Yuan Weakens Beyond 6.20 Per Dollar for First Time in 11 Months

China’s yuan slid below 6.20 per dollar for the first time since April as the central bank cut the currency’s fixing amid concern that rising financial risks will slow growth in the world’s second-largest economy.

The People’s Bank of China cut the reference rate 0.02 percent to 6.1351 against the greenback today, the weakest since Dec. 3. The PBOC said yesterday it’s not involved in dealing with risks from the collapse of Zhejiang Xingrun Real Estate Co., a closely held company with 3.5 billion yuan ($565 million) of debt. Yuan positions at Chinese financial institutions accumulated from foreign-exchange sales rose by 128.2 billion yuan in February, the smallest monthly increase since September.

The yuan fell 0.07 percent to close at 6.1965 per dollar in Shanghai, China Foreign Exchange Trade System prices show. The currency touched 6.2040 earlier, the lowest since April 8, and has dropped almost 1 percent in four days. The spot rate was 1 percent weaker than the central bank’s fixing, within the 2 percent limit of a trading that was doubled this week.

“Near-term bias is still for yuan weakening and the fixing is grinding higher for” the dollar, said Irene Cheung, Singapore-based foreign-exchange strategist at Australia & New Zealand Banking Group Ltd. A wider band “opens more leeway” for the yuan to fall against the greenback, she said.

Key Level

The level of 6.20 per dollar is key as that’s where structured products will likely incur sizable losses to Chinese companies hedging against sustained yuan appreciation, Bank of America Merrill Lynch strategists Claudio Piron, Christy Tan and Albert Leung wrote in a March 16 report.

Direct trading between China’s yuan and New Zealand’s dollar started today, a move that will help reduce transaction costs as trade between the two nations grows. The PBOC set the yuan reference rate against the kiwi dollar at 5.2899, from which the Chinese currency is allowed to diverge a maximum 3 percent on either side.

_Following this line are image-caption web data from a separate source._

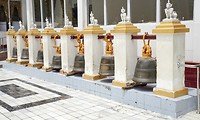 IMG_9768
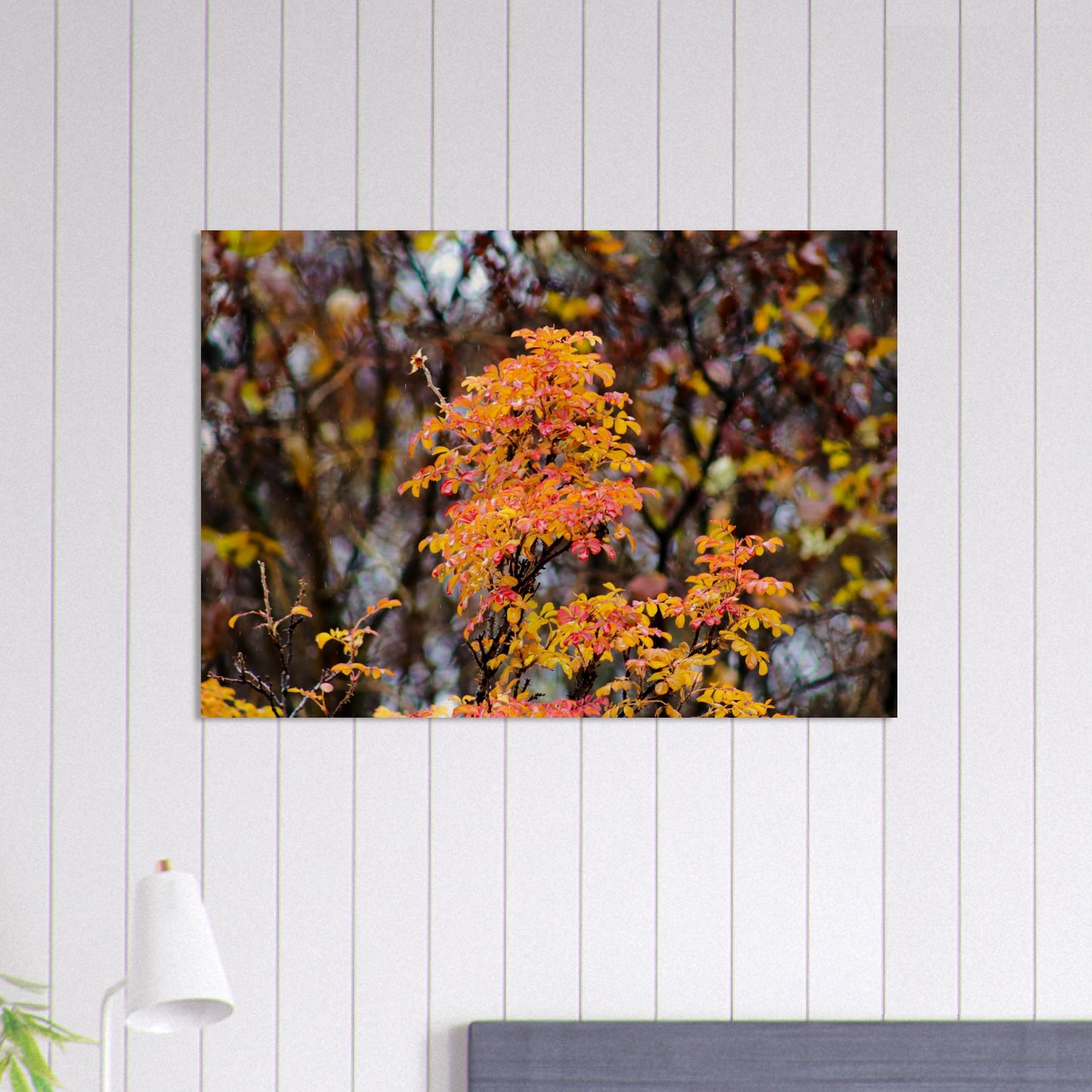 Fall Colors - Wood Prints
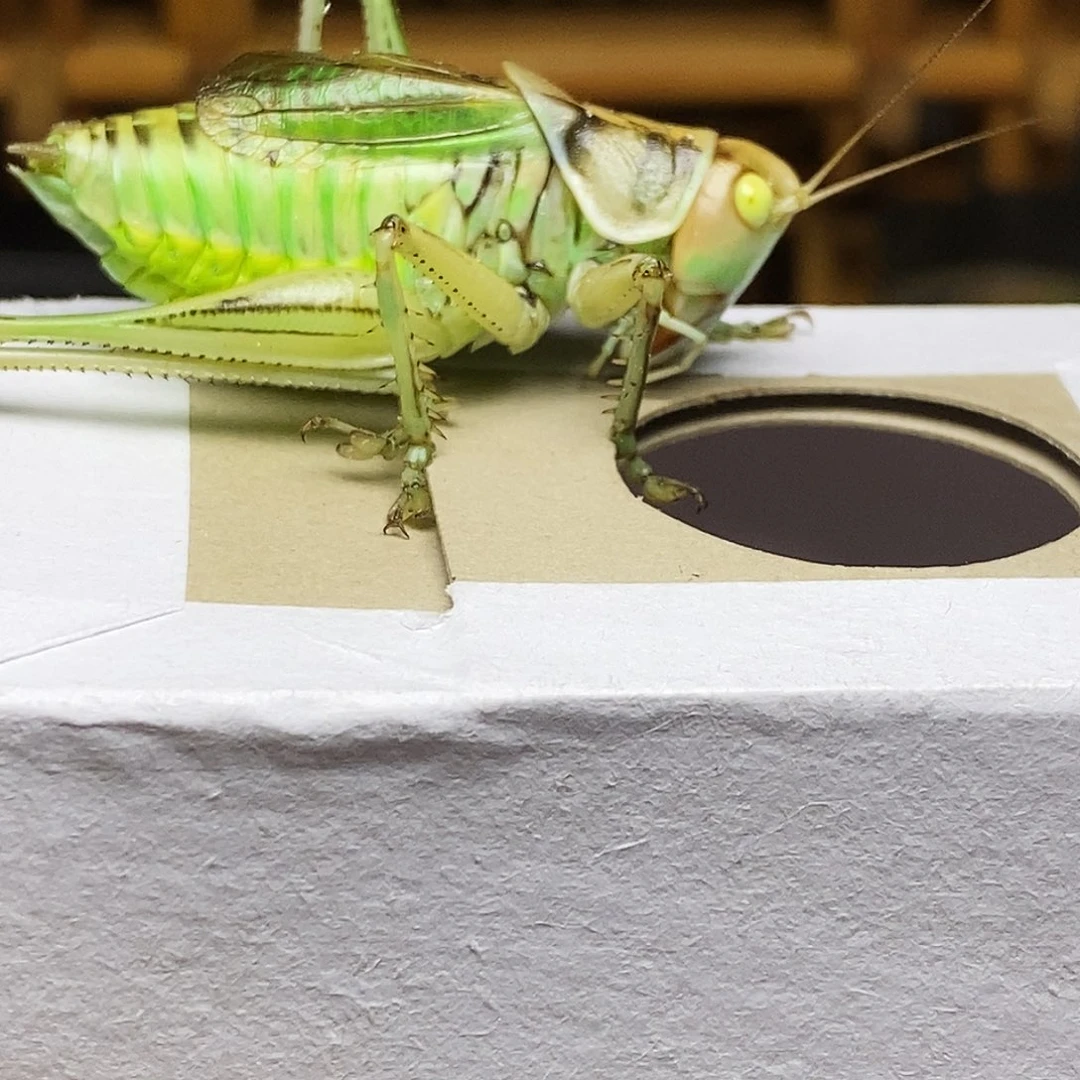 黄金甲玉眼蝈蝈哈哈哈哈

Weaker growth in China and emerging markets has become the main concern among global investors, according to a survey of 970 market participants conducted by Barclays between March 7 and March 14. About 84 percent of the investors polled expect China won’t meet its official target of 7.5 percent economic growth this year, Barclays said.

In offshore trading, the yuan slipped 0.09 percent to 6.1873 per dollar in Hong Kong, according to data compiled by Bloomberg. The spot rate touched 6.1994, the weakest since April 9. Twelve-month non-deliverable forwards fell 0.12 percent to 6.2265 per dollar, trading at a 0.5 percent discount to the onshore spot rate.

One-month implied volatility, a gauge of expected moves in the exchange rate used to price options, rose 18 basis points, or 0.18 percentage point, to 2.49 percent, according to data compiled by Bloomberg.